The Time Problem of the Internet
July 12th, 2008 | By PatrickFor a long time now, something about the internet has bothered me. The internet on the whole doesn’t bother me, but there’s an aspect of the internet that bothers me. Quite simply, where does one start with the internet? The internet has a time problem.
The internet’s biggest time problem is that there’s no starting point. It’s the most flexible version of recorded history, but it doesn’t have all of recorded history on it. You can find information on almost any topic in the world, but there’s no beginning and no end. For example, just imagine being a completely new user of the internet. Where would you start?
(I did a funny search on Google as part of my research for this post. I Google’d “how to use the internet,” and there are actually a few results for this. Of course there would be results, but isn’t it funny that someone would have had to know how to use the internet and a search engine in order to find these sites in the first place?

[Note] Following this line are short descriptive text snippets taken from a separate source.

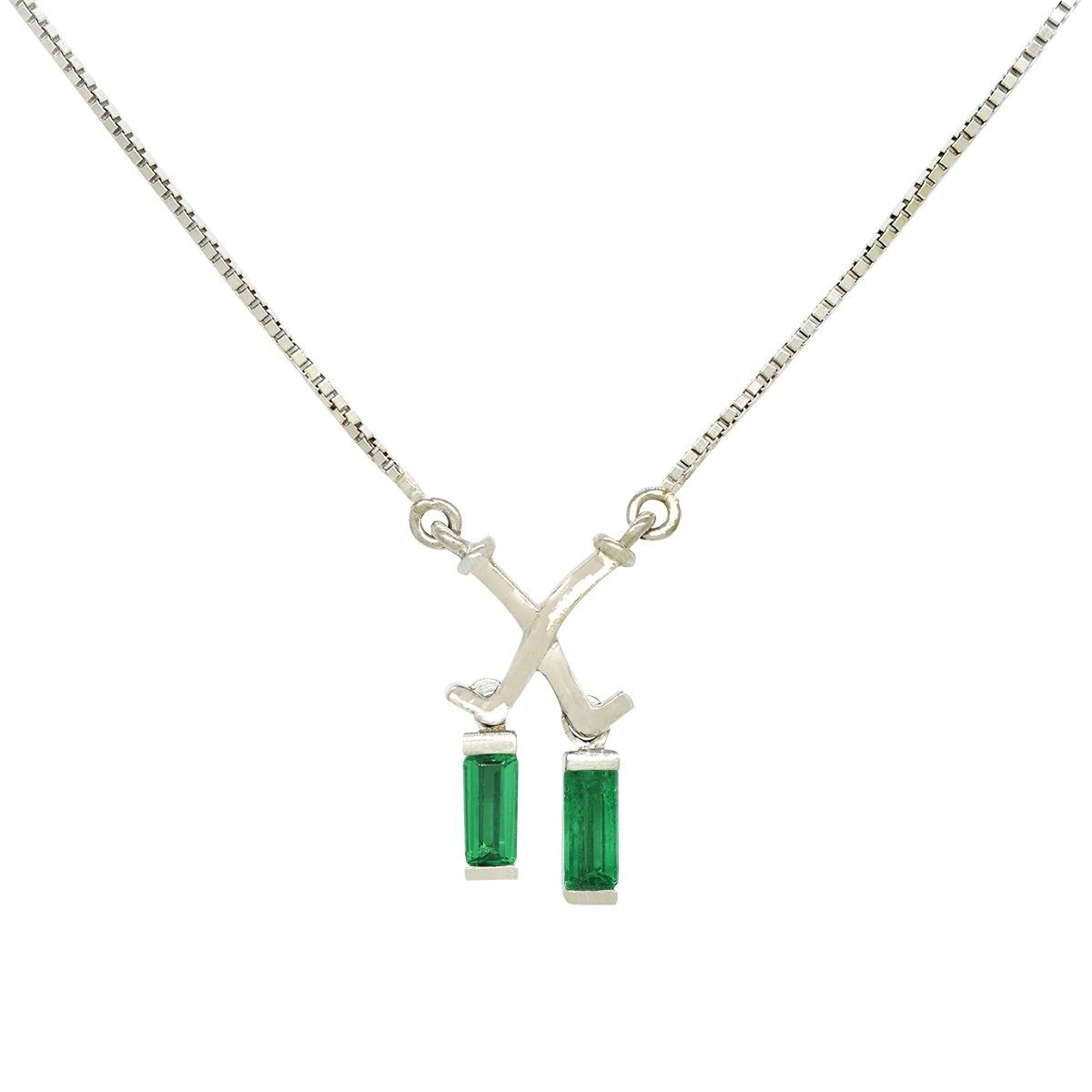 Queen Emerald ~ small-bezel-setting-solitaire-emerald-necklace -with-oval-shape-natural-emerald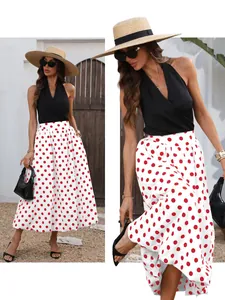 Dettaglio top halter nero chic e gonna svasata bianca con pois rossi per donna elegante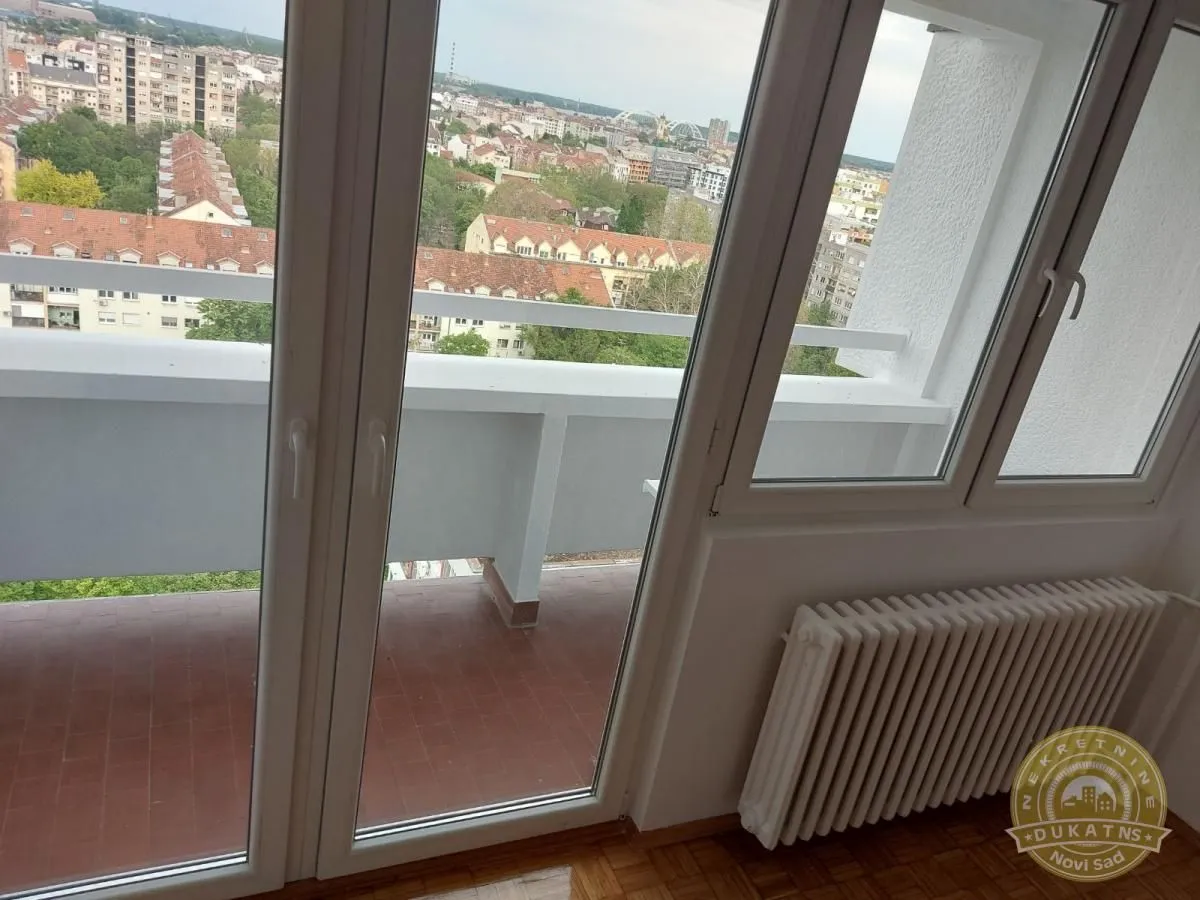 Prodaja, trosoban stan, 61m², Bulevar Oslobodjenja, Novi Sad Sve Podlokacije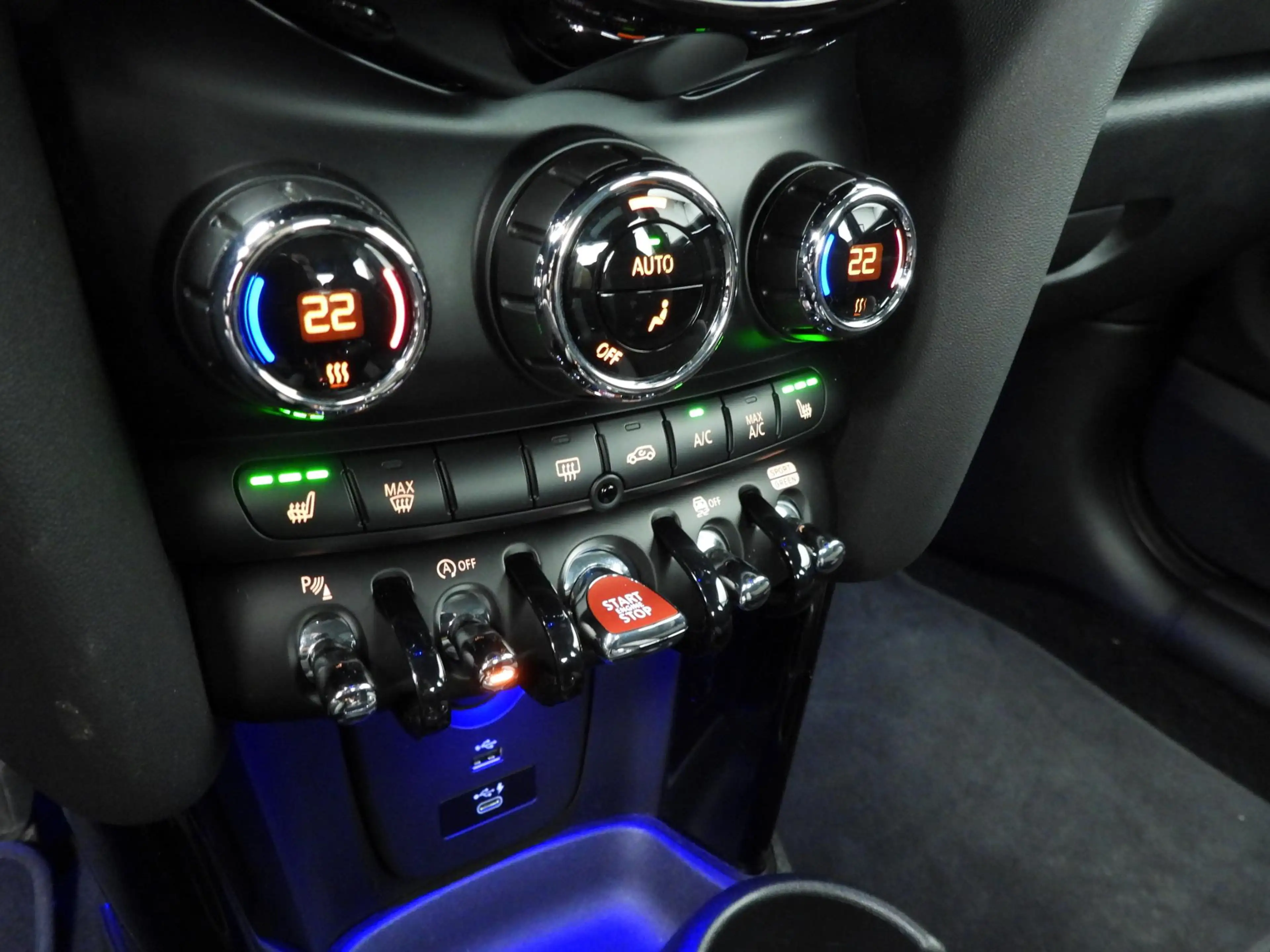 MINI John Cooper Works 3-deurs JCW Automaat / JCW Stoelen / Getint Glas / — photo 14
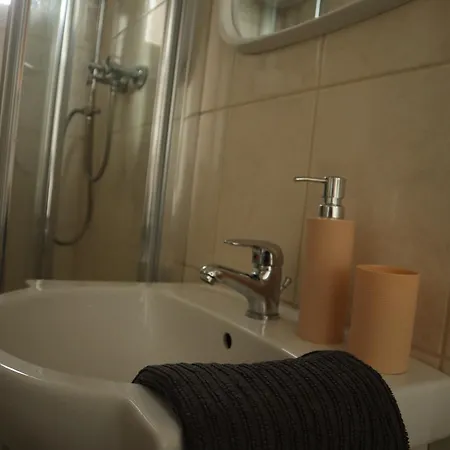 شقة 555 Flat - 55 M² Mieszkanie, 5 Min - Dworzec Glowny كراكوفيا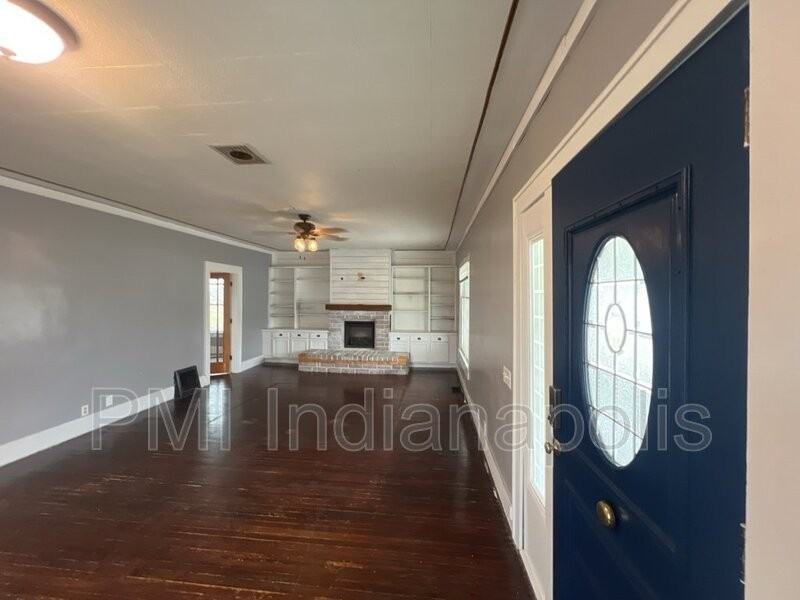 6337 N Main St - Photo 2 of 31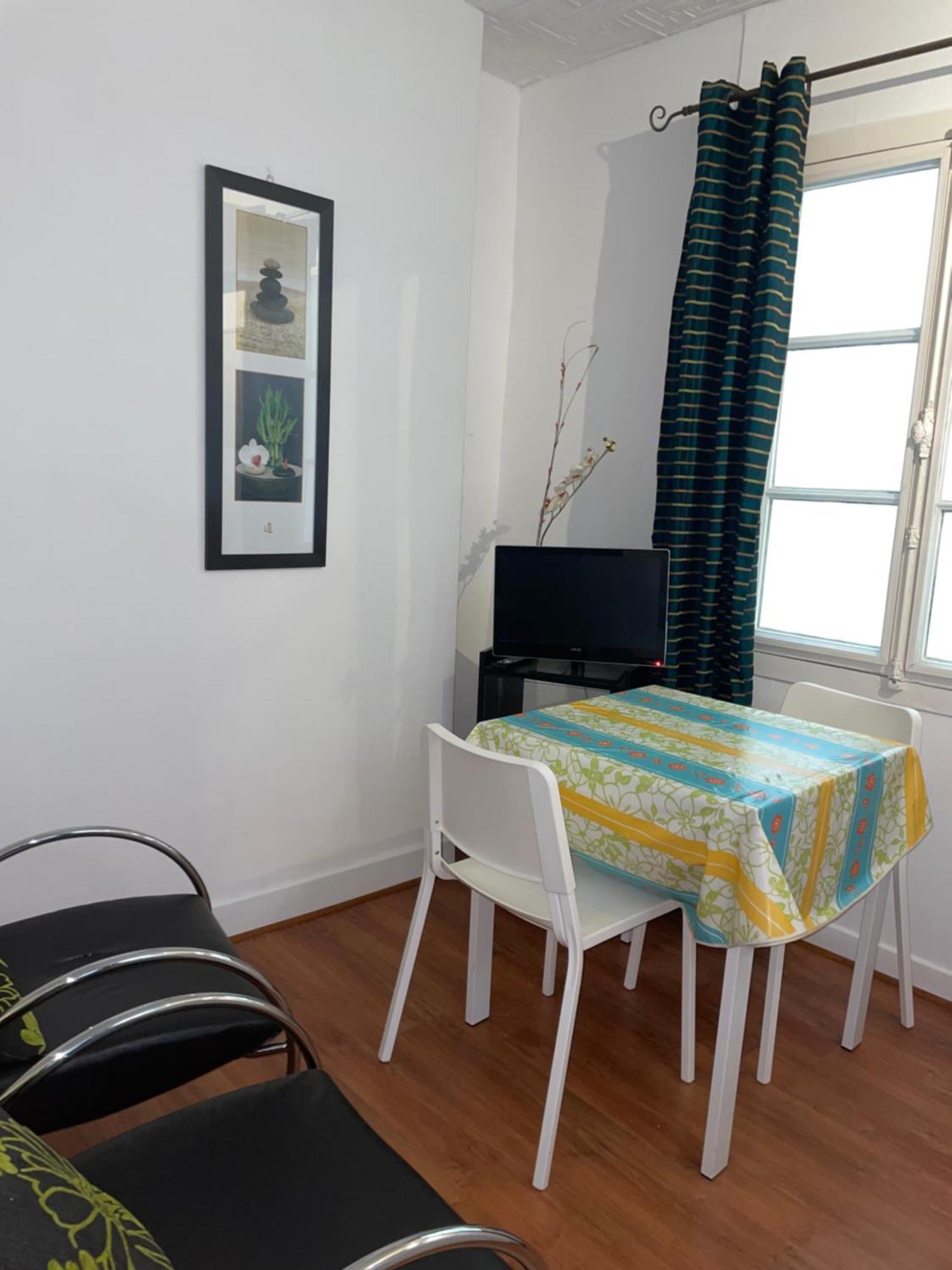 Studio N•4 En Plein Coeur De La Ville Thermal Bagnères-de-Bigorre Zewnętrze zdjęcie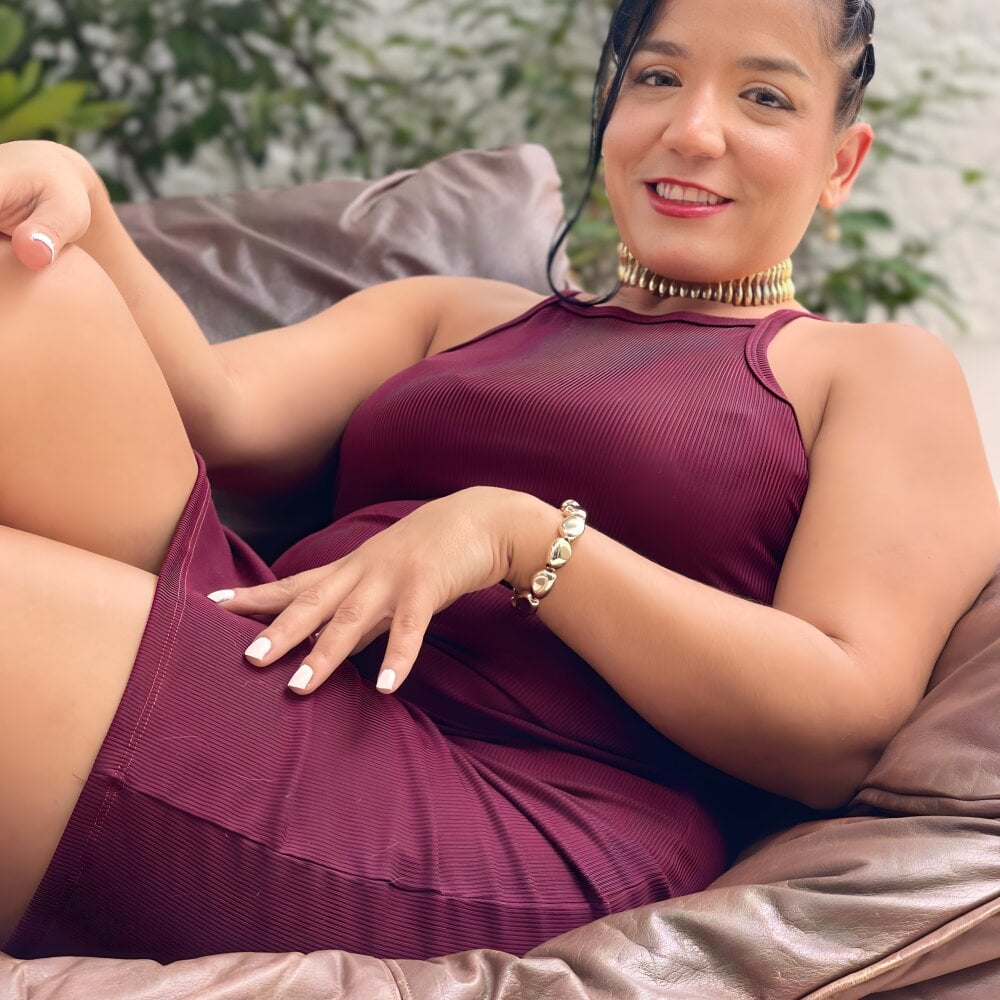 danna_zuluaga Chatroom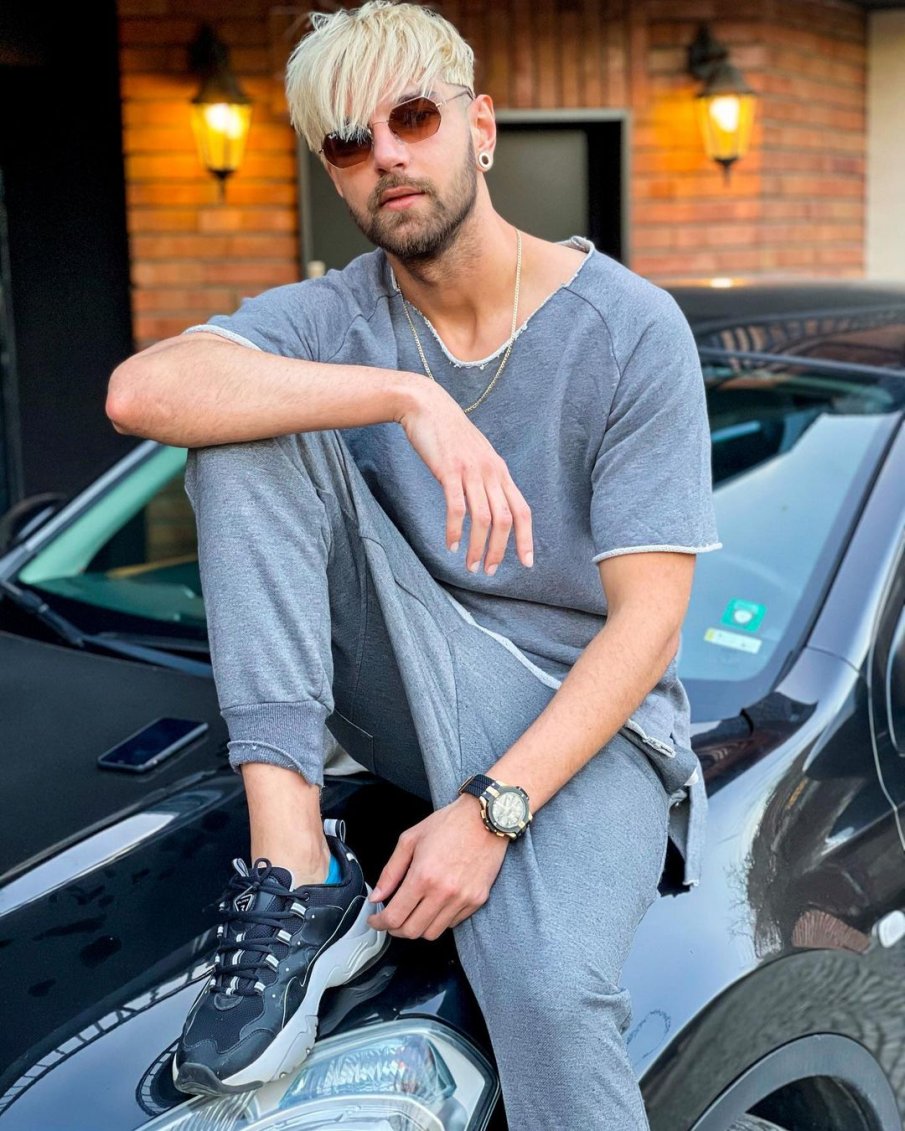 Звезда от Революция Z подарява нова кола на млад шофьор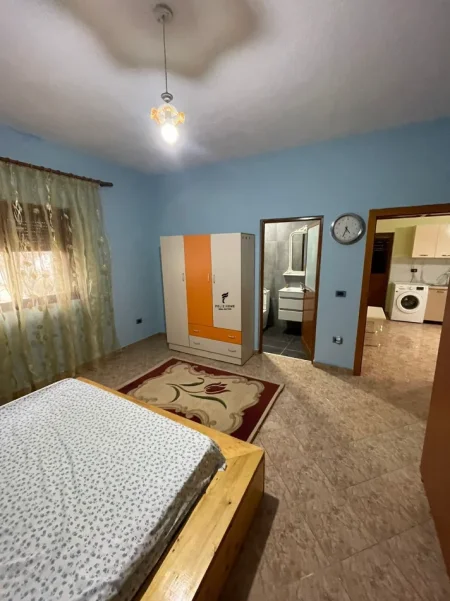 Tirane, jepet me qera apartament 2+1 Kati 2, 100 m² 400 € (CASA ITALIA)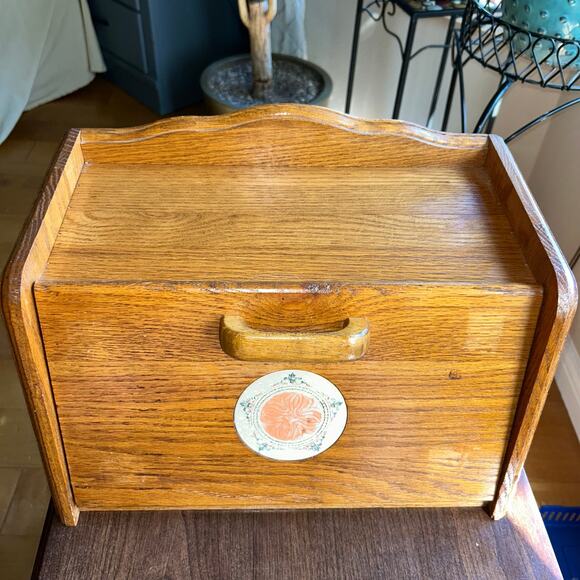 Paul Revere vintage wooden bread box ceramic medallion farmhouse country decor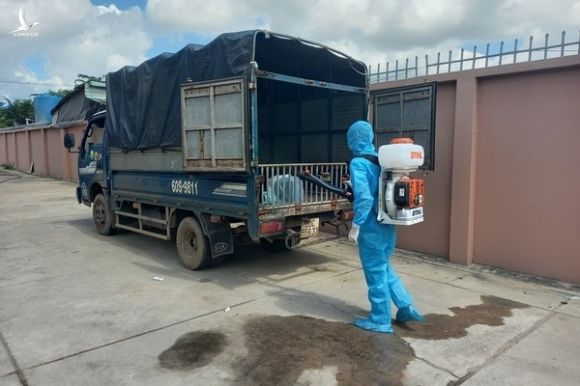 7 người trốn sau thùng xe tải khi qua chốt kiểm dịch ở Bà Rịa Vũng Tàu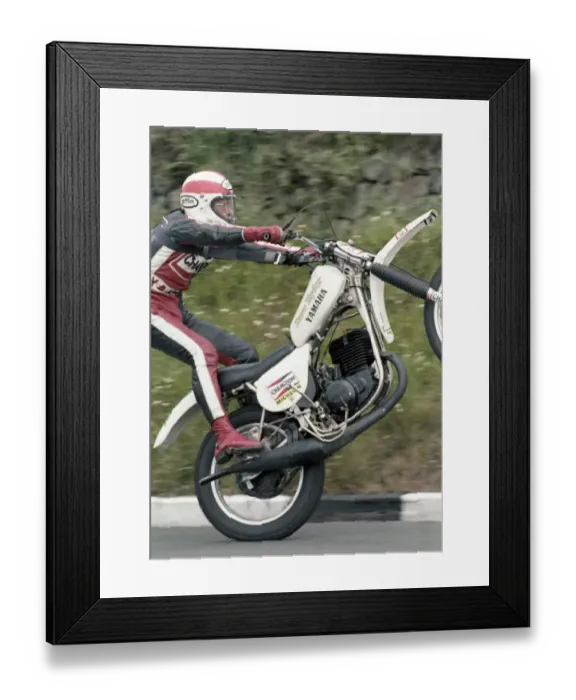 Framed Print : Dave Taylor Wheely Lap (Yamaha) 1978 TT Framed Print : Dave Taylor Wheely Lap (Yamaha) 1978 TT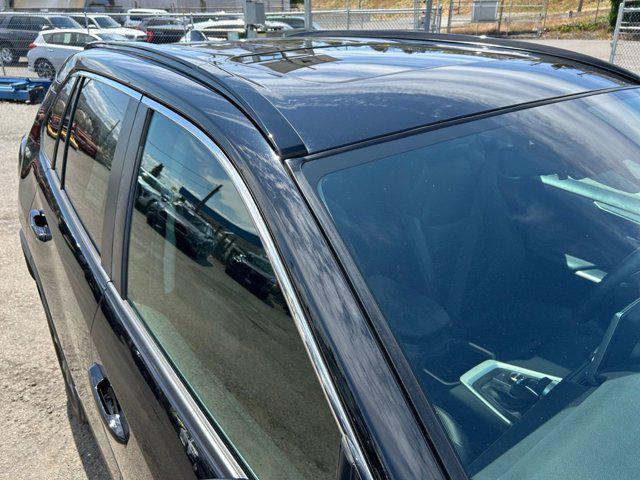 Photo of 2022 Midnight Black Toyota RAV4 Hybrid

I digress…)
The point is, we often talk about how the internet has put the world’s information at our fingertips. We can search to our heart’s desire and find detailed information on a seemingly infinite number of topics. That’s just the point though, isn’t it? We’re always searching.
Before the internet, if I wanted to learn something, I picked up a book and read from page 1 and read it to the end. Compared to a similar process on the internet, I’d start at page 25, then read pages 1-10, a bit of 76, n-1, and then I’d assume I’d read enough.
Our information is fragmented. It’s disjointed in time and sequence. I’ve been working to improve my web development skills and have felt this first hand. There’s no one place for me to start and finish. I find myself reading blog posts about advanced topics before I know the basics. I find information that’s outdated but must rely on intuition and error checking to be sure. Random topics rise to the top of the search pile based on a popular blogger. Who’s to know where this information should fit in time? Where’s page 1?
When you visit a blog, you’re presented with the most recent blog post. I’m not sure a new visitor always wants to read the most recent content. Whenever I find a blog I really like, I try to read a sampling of the earliest posts as well as popular posts. I want to know where the blog started, where it’s gone and how long it’s taken to get there. The archives help a bit, but for my purposes, they’re often ordered backwards each month (including Enter Venture’s archive).
No one’s really figured out how to organize the web this way, but I have the feeling plenty of people would appreciate it if someone started putting a bit of chronology to the web’s information. There’s an enormous opportunity to organize the world’s educational matter this way, but it doesn’t stop there. A chronologically organized archive of the world’s newspapers and history would be pretty swell too.
One of the biggest drivers of the internet’s time problem is the emphasis on NOW. Sites have to deliver fresh content. As users, we’re inundated with up-to-the-second information and are fickle with our attention.
You see this problem manifest itself everywhere. It’s not entirely unique to the web, but news stories last barely a week before there’s a new NOW to focus on. There’s no time to reflect on what happened last week. If you use an RSS reader, you find yourself overwhelmed with articles that have to be read now, else suffer the dreaded Google Reader’s 1,000+ unread items. You have that Twitter account with all of your friends and followers that have your attention. Your Facebook chat window. Friendfeed. Yoono. Gchat. Email. Now. Now. NOW.
That brings up my final issues with the time problem of the internet. It doesn’t represent all of time! Remember those nearly 6 centuries of recorded history prior to the internet? You know, the ones that aren’t on anyone’s Facebook feed? Between then and the internet era, there are a few important things you should know about. Some of this information is worth at least as much of your attention as “Robert Scoble posted a message on Twitter.”
I love what Google is doing with its Books Search Library Project, but it’s just a start. Just imagine what it’d really be like if we had access to all of the world’s information, and if we organized it in a way that suited the way we both made sense of time and navigate the internet. Before the internet, it took a lot of effort to record history. Ideas were condensed and forced to be organized in scrolls, books, and libraries. Only the best ideas rose to the top. It’s not just a time problem, it’s a bit of a sequence problem, a focus problem, and a hubris problem.
What’s that they say about those who forget history? They’re doomed to forg… — sorry, hold on, someone just commented on my wall.